What is expected »
Could you write the entries out again, exactly as they are?

(Short text fragments from websites)

_ _ _ _

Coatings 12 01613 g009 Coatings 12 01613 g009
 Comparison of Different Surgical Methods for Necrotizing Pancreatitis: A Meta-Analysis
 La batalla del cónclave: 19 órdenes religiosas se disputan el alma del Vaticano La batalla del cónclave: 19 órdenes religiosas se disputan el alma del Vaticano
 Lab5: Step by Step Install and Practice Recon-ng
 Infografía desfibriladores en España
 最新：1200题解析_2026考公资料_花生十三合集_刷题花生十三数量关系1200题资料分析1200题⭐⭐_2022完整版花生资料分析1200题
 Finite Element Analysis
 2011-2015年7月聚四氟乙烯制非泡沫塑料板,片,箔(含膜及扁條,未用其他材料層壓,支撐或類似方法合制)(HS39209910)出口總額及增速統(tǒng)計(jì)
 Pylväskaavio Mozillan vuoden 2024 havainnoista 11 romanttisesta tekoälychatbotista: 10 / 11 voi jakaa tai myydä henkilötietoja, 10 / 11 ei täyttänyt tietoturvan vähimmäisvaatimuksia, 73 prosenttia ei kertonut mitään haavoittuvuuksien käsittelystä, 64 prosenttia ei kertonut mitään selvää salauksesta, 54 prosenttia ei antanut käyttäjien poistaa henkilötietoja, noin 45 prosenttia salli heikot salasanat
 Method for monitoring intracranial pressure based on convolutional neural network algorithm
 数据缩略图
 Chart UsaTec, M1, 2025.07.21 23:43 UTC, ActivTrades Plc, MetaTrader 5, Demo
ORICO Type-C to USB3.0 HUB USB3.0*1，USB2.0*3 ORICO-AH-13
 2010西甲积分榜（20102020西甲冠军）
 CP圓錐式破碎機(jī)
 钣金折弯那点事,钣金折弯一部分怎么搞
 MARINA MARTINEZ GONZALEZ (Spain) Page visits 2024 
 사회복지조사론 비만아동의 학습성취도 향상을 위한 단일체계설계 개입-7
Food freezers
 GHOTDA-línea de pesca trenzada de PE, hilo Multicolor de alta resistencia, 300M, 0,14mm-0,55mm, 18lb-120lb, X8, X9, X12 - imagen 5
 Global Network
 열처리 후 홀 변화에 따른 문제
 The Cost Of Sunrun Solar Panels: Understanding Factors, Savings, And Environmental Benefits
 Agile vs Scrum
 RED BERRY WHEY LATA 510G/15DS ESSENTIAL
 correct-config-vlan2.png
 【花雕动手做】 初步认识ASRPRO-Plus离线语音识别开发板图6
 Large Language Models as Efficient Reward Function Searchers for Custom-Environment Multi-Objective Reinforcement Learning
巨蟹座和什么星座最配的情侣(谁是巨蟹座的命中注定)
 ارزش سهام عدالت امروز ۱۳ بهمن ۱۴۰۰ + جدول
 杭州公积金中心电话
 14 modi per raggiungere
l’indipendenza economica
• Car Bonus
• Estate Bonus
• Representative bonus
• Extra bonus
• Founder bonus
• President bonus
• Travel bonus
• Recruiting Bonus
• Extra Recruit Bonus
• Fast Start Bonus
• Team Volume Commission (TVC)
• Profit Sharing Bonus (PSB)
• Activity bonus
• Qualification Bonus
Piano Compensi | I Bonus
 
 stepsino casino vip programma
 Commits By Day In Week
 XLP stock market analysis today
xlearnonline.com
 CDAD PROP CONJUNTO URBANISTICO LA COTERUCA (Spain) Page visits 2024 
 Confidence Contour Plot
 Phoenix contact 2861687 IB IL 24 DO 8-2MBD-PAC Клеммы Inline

_ _ _ _

Solution for this problem »
Coatings 12 01613 g009 Coatings 12 01613 g009
 Comparison of Different Surgical Methods for Necrotizing Pancreatitis: A Meta-Analysis
 La batalla del cónclave: 19 órdenes religiosas se disputan el alma del Vaticano La batalla del cónclave: 19 órdenes religiosas se disputan el alma del Vaticano
 Lab5: Step by Step Install and Practice Recon-ng
 Infografía desfibriladores en España
 最新：1200题解析_2026考公资料_花生十三合集_刷题花生十三数量关系1200题资料分析1200题⭐⭐_2022完整版花生资料分析1200题
 Finite Element Analysis
 2011-2015年7月聚四氟乙烯制非泡沫塑料板,片,箔(含膜及扁條,未用其他材料層壓,支撐或類似方法合制)(HS39209910)出口總額及增速統(tǒng)計(jì)
 Pylväskaavio Mozillan vuoden 2024 havainnoista 11 romanttisesta tekoälychatbotista: 10 / 11 voi jakaa tai myydä henkilötietoja, 10 / 11 ei täyttänyt tietoturvan vähimmäisvaatimuksia, 73 prosenttia ei kertonut mitään haavoittuvuuksien käsittelystä, 64 prosenttia ei kertonut mitään selvää salauksesta, 54 prosenttia ei antanut käyttäjien poistaa henkilötietoja, noin 45 prosenttia salli heikot salasanat
 Method for monitoring intracranial pressure based on convolutional neural network algorithm
 数据缩略图
 Chart UsaTec, M1, 2025.07.21 23:43 UTC, ActivTrades Plc, MetaTrader 5, Demo
ORICO Type-C to USB3.0 HUB USB3.0*1，USB2.0*3 ORICO-AH-13
 2010西甲积分榜（20102020西甲冠军）
 CP圓錐式破碎機(jī)
 钣金折弯那点事,钣金折弯一部分怎么搞
 MARINA MARTINEZ GONZALEZ (Spain) Page visits 2024 
 사회복지조사론 비만아동의 학습성취도 향상을 위한 단일체계설계 개입-7
Food freezers
 GHOTDA-línea de pesca trenzada de PE, hilo Multicolor de alta resistencia, 300M, 0,14mm-0,55mm, 18lb-120lb, X8, X9, X12 - imagen 5
 Global Network
 열처리 후 홀 변화에 따른 문제
 The Cost Of Sunrun Solar Panels: Understanding Factors, Savings, And Environmental Benefits
 Agile vs Scrum
 RED BERRY WHEY LATA 510G/15DS ESSENTIAL
 correct-config-vlan2.png
 【花雕动手做】 初步认识ASRPRO-Plus离线语音识别开发板图6
 Large Language Models as Efficient Reward Function Searchers for Custom-Environment Multi-Objective Reinforcement Learning
巨蟹座和什么星座最配的情侣(谁是巨蟹座的命中注定)
 ارزش سهام عدالت امروز ۱۳ بهمن ۱۴۰۰ + جدول
 杭州公积金中心电话
 14 modi per raggiungere
l’indipendenza economica
• Car Bonus
• Estate Bonus
• Representative bonus
• Extra bonus
• Founder bonus
• President bonus
• Travel bonus
• Recruiting Bonus
• Extra Recruit Bonus
• Fast Start Bonus
• Team Volume Commission (TVC)
• Profit Sharing Bonus (PSB)
• Activity bonus
• Qualification Bonus
Piano Compensi | I Bonus
 
 stepsino casino vip programma
 Commits By Day In Week
 XLP stock market analysis today
xlearnonline.com
 CDAD PROP CONJUNTO URBANISTICO LA COTERUCA (Spain) Page visits 2024 
 Confidence Contour Plot
 Phoenix contact 2861687 IB IL 24 DO 8-2MBD-PAC Клеммы Inline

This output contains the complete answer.